# What to work on
Using the records below, copy out exactly the line that contains "Oceny klientów dla" and every line that follows it, up to and including the last, and no others.

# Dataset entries
########

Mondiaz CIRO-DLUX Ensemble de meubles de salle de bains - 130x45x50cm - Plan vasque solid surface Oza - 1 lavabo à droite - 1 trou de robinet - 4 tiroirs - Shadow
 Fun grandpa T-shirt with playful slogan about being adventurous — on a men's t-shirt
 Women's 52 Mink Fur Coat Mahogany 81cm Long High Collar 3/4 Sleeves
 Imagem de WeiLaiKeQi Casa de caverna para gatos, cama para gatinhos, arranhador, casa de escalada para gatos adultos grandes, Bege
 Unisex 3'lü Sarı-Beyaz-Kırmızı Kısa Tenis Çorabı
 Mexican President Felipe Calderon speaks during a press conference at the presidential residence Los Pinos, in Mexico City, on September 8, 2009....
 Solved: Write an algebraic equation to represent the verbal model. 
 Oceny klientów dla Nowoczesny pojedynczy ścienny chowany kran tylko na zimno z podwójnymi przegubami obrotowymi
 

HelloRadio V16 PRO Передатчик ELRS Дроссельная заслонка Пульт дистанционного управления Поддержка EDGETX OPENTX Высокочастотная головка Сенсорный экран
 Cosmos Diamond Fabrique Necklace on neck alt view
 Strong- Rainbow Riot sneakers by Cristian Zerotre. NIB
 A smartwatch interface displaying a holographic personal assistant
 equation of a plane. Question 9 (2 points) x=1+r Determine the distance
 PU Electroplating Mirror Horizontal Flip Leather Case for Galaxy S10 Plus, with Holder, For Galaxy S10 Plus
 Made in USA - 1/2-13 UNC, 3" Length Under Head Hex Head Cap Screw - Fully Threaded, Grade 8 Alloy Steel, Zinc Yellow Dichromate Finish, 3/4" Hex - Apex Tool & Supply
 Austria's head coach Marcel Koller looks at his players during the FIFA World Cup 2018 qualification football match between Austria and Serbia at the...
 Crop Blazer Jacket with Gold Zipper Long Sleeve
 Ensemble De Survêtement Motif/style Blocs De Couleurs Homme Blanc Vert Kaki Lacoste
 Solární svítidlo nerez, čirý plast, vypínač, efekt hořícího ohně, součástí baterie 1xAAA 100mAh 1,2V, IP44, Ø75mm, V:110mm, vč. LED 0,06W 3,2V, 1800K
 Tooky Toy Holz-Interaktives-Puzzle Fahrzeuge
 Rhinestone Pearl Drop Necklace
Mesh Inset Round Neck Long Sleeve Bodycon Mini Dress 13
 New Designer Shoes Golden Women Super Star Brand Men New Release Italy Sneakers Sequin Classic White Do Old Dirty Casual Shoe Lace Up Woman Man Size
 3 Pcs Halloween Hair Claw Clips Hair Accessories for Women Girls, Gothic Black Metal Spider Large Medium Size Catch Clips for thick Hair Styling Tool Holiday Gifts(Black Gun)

########

# Task answer
 Oceny klientów dla Nowoczesny pojedynczy ścienny chowany kran tylko na zimno z podwójnymi przegubami obrotowymi
 

HelloRadio V16 PRO Передатчик ELRS Дроссельная заслонка Пульт дистанционного управления Поддержка EDGETX OPENTX Высокочастотная головка Сенсорный экран
 Cosmos Diamond Fabrique Necklace on neck alt view
 Strong- Rainbow Riot sneakers by Cristian Zerotre. NIB
 A smartwatch interface displaying a holographic personal assistant
 equation of a plane. Question 9 (2 points) x=1+r Determine the distance
 PU Electroplating Mirror Horizontal Flip Leather Case for Galaxy S10 Plus, with Holder, For Galaxy S10 Plus
 Made in USA - 1/2-13 UNC, 3" Length Under Head Hex Head Cap Screw - Fully Threaded, Grade 8 Alloy Steel, Zinc Yellow Dichromate Finish, 3/4" Hex - Apex Tool & Supply
 Austria's head coach Marcel Koller looks at his players during the FIFA World Cup 2018 qualification football match between Austria and Serbia at the...
 Crop Blazer Jacket with Gold Zipper Long Sleeve
 Ensemble De Survêtement Motif/style Blocs De Couleurs Homme Blanc Vert Kaki Lacoste
 Solární svítidlo nerez, čirý plast, vypínač, efekt hořícího ohně, součástí baterie 1xAAA 100mAh 1,2V, IP44, Ø75mm, V:110mm, vč. LED 0,06W 3,2V, 1800K
 Tooky Toy Holz-Interaktives-Puzzle Fahrzeuge
 Rhinestone Pearl Drop Necklace
Mesh Inset Round Neck Long Sleeve Bodycon Mini Dress 13
 New Designer Shoes Golden Women Super Star Brand Men New Release Italy Sneakers Sequin Classic White Do Old Dirty Casual Shoe Lace Up Woman Man Size
 3 Pcs Halloween Hair Claw Clips Hair Accessories for Women Girls, Gothic Black Metal Spider Large Medium Size Catch Clips for thick Hair Styling Tool Holiday Gifts(Black Gun)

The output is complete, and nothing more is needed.